A non-canonical DNA/RNA structure, G-quadruplex (G4) is formed by two or more guanine quartets, which associate through Hoogsteen base pairs leading to form a square planar arrangement stabilized by a central cation (Rodes and Lipps, 2015). The G4 structure first discovered in vitro was found to be telomere-formed structures, and later abundant G4-foming sequences have been identified in the genome (Sen and Gilbert, 1988, Sundquist and Klug, 1989; Rodes and Lipps, 2015). Such G4-forming sequences are present in both prokaryotes and eukaryotes. For instance, a total of 52 G4 motifs are present in the E. coli genome while more than 700,000 G4 motifs are present in the human genome (Métifiot et al., 2014; Doluca et al., 2016; Kaplan et al., 2016; Marsico et al., 2019; Ruggiero and Richter, 2020; Tu et al., 2021). Some of these G4 motifs are involved in DNA replication, recombination, telomere regulation and transcriptional regulation (Figure 1) (Métifiot et al., 2014; Yang, 2019; Prorok et al., 2019; Cammas and Millevoi, 2017). Some G4 motifs are copied into RNAs, thereby leading to the regulation of RNA functions such as processing, stability, translation and transport (Figure 1) (Bugaut and Balasubramanian, 2012; Cammas and Millevoi, 2017; Yang, 2019; Shao et al., 2020; Dumas et al., 2021; Georgakopoulos-Soares et al., 2022). G4-RNAs are often assembled into unique ribonucleoprotein (RNP) granules without boundary membranes, which were identified as precipitats in the brain tissue and cultured cell extracts using biotinylated isoxazole (Subramanian et al., 2011; Han et al., 2012). The membraneless RNP organelles formed through liquid-liquid phase separation (LLPS) are classified into stress granule, germ granule, P-bodie, neuronal granule, nuclear puncta, RNA-transport granule, RNA foci, and paraspeckle (Rhine et al., 2020). It has been suggested that the G4 structure supports the formation of condensates (Rhine et al., 2020; Roden and Gladfelter, 2021), which is the opposite to the inhibition of condensation by promiscuous RNA assembly (Maharana et al., 2018). Eventually, in 2021, four laboratories experimentally demonstrated that G4 promotes the condensation of DNA/RNA-protein complexes through LLPS (DNA: Liu et al., 2021; Gao et al., 2021; DNA: Mimura et al., 2021; RNA: Ishiguro et al., 2021).
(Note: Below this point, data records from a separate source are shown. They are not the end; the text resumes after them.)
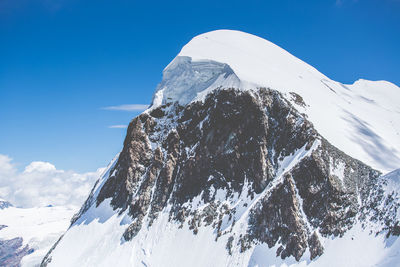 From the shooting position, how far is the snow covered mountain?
3816cm

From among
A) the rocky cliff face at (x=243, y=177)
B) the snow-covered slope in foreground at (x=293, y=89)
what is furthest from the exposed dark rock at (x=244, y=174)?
the snow-covered slope in foreground at (x=293, y=89)

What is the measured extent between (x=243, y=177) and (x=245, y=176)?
1.30 feet

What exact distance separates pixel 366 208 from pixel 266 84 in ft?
80.9

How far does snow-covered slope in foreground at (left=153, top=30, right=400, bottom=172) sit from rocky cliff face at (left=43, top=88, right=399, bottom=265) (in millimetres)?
3464

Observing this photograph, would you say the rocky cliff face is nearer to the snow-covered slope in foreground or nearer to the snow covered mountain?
the snow covered mountain

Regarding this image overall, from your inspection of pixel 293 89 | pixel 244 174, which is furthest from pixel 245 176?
pixel 293 89

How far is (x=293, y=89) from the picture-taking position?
5578 cm

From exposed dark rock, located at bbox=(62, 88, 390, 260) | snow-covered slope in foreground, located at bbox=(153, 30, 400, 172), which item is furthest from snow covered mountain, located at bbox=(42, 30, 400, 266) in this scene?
snow-covered slope in foreground, located at bbox=(153, 30, 400, 172)

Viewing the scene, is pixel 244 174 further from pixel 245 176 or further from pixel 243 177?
pixel 243 177

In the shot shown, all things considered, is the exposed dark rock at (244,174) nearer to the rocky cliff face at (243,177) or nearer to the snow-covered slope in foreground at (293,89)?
the rocky cliff face at (243,177)

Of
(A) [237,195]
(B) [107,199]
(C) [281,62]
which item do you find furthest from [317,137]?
(B) [107,199]

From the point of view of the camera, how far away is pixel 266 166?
47.2 m

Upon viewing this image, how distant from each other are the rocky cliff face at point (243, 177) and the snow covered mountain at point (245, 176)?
0.57 ft

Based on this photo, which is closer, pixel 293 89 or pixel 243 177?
pixel 243 177
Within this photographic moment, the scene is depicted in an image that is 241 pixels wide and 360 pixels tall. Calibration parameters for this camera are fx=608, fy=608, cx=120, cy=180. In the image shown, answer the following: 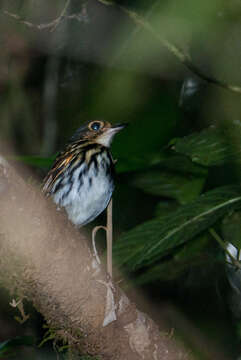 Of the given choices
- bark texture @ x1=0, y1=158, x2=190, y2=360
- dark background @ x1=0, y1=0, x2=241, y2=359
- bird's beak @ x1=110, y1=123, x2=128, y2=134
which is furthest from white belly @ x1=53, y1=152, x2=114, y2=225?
bark texture @ x1=0, y1=158, x2=190, y2=360

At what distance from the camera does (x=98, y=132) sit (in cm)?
361

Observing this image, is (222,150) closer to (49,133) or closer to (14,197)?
(14,197)

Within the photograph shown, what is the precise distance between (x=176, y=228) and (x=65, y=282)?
38.7 inches

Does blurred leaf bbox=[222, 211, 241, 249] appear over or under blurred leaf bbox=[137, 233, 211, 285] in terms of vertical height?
over


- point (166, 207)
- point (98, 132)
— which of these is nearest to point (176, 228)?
point (98, 132)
FIGURE 1. General roles of DNA/RNA G4s in prokaryote and eukaryote. G4 has also been suggested to be involved in prokaryotic stress responses through replication, transcription, and translation. Dysregulation of telomere regulation, transcription, translation and replication by G4 are suggested to be involved in the pathogenic mechanism of human cancer. Mutations in G4 containing RNAs and G4 binding proteins involved in RNA transport and LLPS have been found in patients with neurodegenerative diseases such as ALS.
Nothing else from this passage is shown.